Lawyers for the claimants argued that the concessions were “manifestly incomplete and inadequate to reflect the extent of the illegality”, but the home secretary’s team argued that the remaining grounds of legal challenge were “academic” and should be dismissed.
The court heard that the “blanket seizure policy” operated at the Tug Haven reception unit in Dover between April and November 2020.
Home Office lawyers said its “precise origins are not known” and the policy “appears to have developed organically”.
Sir James Eadie QC, representing the home secretary, said there was a “misunderstanding permeating that an illegal entry offence was always committed by passengers” on small boats at the time.
In December, the Court of Appeal ruled that crossing the Channel with the aim of being intercepted and claiming asylum did not amount to illegal entry, and that a “legal heresy” had developed among authorities and caused a series of wrongful prosecutions.
Lord Justice Edis, who heard both that case and the current challenge, said material received subsequently suggests “the origin of the error was actually in the Home Office and its agencies”.
In July 2020, the Home Office changed the policy to retain seized phones for a minimum of three months because there was a “lack of infrastructure” to process them as small boat crossings rose.
A backlog developed and in October 2020, Border Force started a “bulk returns process” – but the three claimants’ phones were not returned until legal action was threatened.
Their lawyers said that during one period, the Home Office told asylum seekers to call a phone number to arrange the return of their property or their phones would be destroyed.
But “calls to that phone number were not answered”, and it was replaced by an email that did not result in responses for months.
An Iranian asylum seeker, known as HM, was wrongly told that he had entered the UK illegally after he was intercepted on a small boat on 2 September 2020.
He was told to remove his shoes, jacket, wedding ring and watch, hand over his bag, empty his pockets and searched.
HM was never charged with an offence but his phone was not given back for over three months, while his wedding ring and other possessions have not been returned.
The court heard that he spent months not knowing if his wife and seven-year old daughter were alive because of the phone seizure, fearing that they had been killed.
He has since been identified as a potential victim of trafficking, the court heard.
The second claimant, an Iraqi asylum seeker known as MA, was picked up by Border Force in the Channel on 8 May 2020.
He was also arrested, searched and had his phone and possessions seized.
MA was told he had to provide his PIN number and complied, and was not given the phone back for 10 months.
The third claimant, an Iraqi asylum seeker known as KH, was intercepted in a small boat on 25 April 2020 and had his mobile phone seized without explanation.
Data from MA and KH’s phones was extracted, analysed, shared and stored, but HM’s phone was not used.
Mr Payne said “nearly every aspect” of the mobile phone policy had changed, and that currently phones were not being seized from small boat passengers who are classed as witnesses or victims of smuggling.

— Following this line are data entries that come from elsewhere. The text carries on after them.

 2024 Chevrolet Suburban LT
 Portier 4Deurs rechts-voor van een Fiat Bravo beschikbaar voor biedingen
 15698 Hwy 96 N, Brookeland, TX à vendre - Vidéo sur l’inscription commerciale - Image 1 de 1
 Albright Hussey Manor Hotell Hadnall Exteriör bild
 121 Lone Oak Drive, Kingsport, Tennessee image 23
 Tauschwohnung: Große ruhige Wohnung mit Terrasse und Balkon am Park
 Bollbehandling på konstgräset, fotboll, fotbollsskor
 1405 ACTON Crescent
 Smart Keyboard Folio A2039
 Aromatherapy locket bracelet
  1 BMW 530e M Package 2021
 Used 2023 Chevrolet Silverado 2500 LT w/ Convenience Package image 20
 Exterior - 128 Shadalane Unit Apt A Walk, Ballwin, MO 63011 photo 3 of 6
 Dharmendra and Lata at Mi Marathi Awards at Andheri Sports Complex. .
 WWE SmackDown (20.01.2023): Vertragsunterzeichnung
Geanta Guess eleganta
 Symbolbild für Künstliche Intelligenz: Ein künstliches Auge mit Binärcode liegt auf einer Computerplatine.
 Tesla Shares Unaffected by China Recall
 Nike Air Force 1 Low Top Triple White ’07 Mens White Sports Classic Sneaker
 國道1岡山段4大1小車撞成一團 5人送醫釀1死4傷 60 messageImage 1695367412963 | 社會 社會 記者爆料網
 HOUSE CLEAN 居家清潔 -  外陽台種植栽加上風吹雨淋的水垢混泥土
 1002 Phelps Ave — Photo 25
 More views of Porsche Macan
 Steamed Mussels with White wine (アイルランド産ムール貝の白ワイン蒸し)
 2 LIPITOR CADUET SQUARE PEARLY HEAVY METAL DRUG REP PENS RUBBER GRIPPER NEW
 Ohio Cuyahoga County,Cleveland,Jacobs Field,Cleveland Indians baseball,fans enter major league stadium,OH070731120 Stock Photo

The home secretary’s lawyers maintain that seizures can still be legal under a clause that enables searches for items that “can be used to assist an escape from lawful custody and/or as a weapon”.
Mr Payne asked judges to consider “fairness” for the staff who operated the illegal policy.
“What is being challenged is operational decisions taken under huge pressure in response to an evolving emergency,” Mr Payne said.
“These decisions and steps were taken by dedicated people who aren’t lawyers, doing the very best they could to deal with an incredibly difficult situation
“No one had time to sit down and look at material and write a 67-page thesis on the Data Protection Act and have that benefit of hindsight to unpick decisions.”
The case, before Lord Justice Edis and Mr Justice Lane, continues.